* _Your task_
Without the pictures, output all of the data exactly.

BEGIN Entries shown

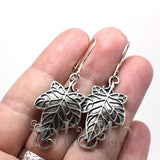 Delicate Grape Leaf Design Sterling Silver Dangle Earrings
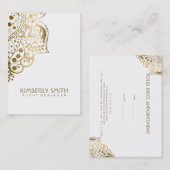 Goud Bloemen Ornament Visitekaartje (Voorkant / Achterkant)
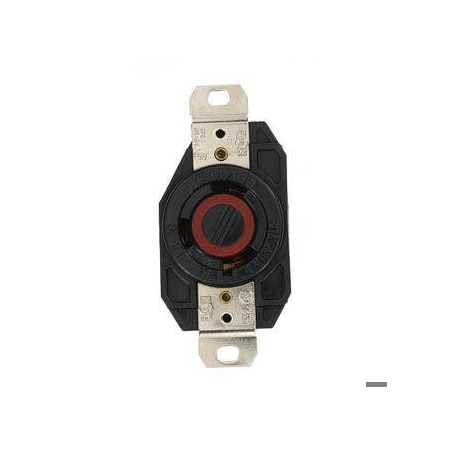 Flanged Locking Receptacle, L8-30R, 30 A, 480V AC, Single Phase, 2 Pole, Flush Mount, Black MPN:2640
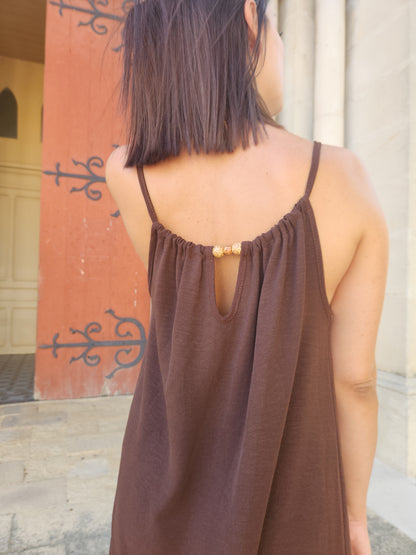 Robe fluide perlée - chocolat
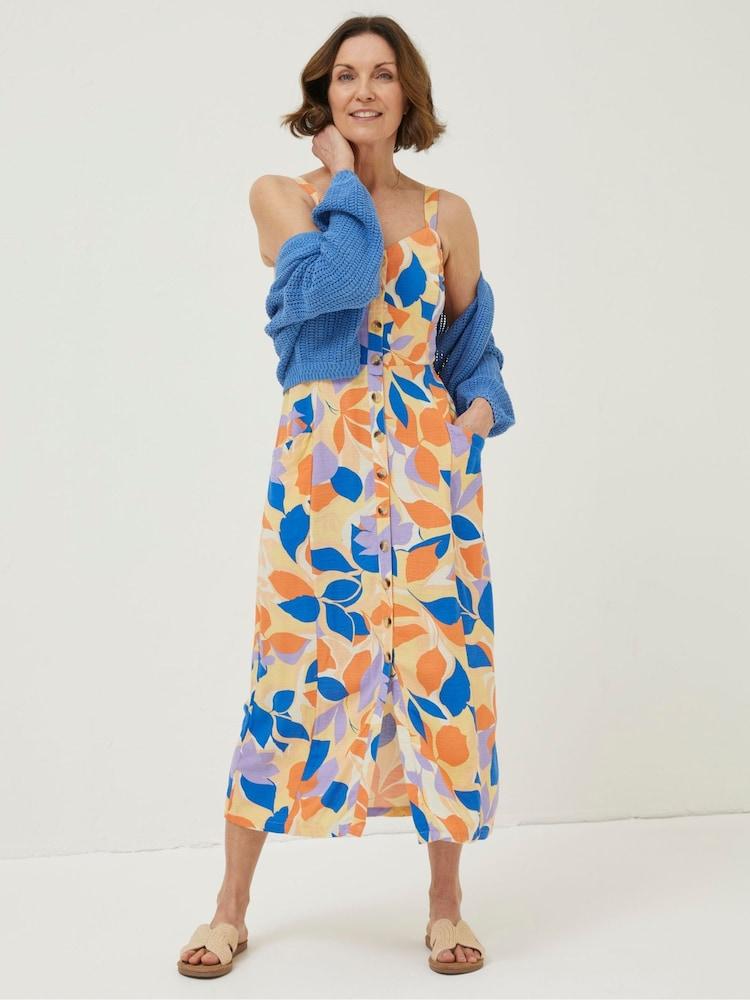 Fat Face Orange Corey Stencil Floral Midi Dress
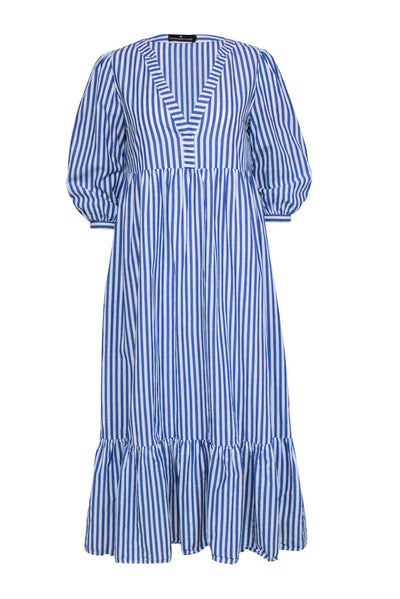 Current Boutique-Pomander Place - Blue & White Stripe Maxi Dress Sz S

END Entries shown

* _Result of this task_
 Delicate Grape Leaf Design Sterling Silver Dangle Earrings
 Goud Bloemen Ornament Visitekaartje (Voorkant / Achterkant)
 Flanged Locking Receptacle, L8-30R, 30 A, 480V AC, Single Phase, 2 Pole, Flush Mount, Black MPN:2640
 Robe fluide perlée - chocolat
 Fat Face Orange Corey Stencil Floral Midi Dress
 Current Boutique-Pomander Place - Blue & White Stripe Maxi Dress Sz S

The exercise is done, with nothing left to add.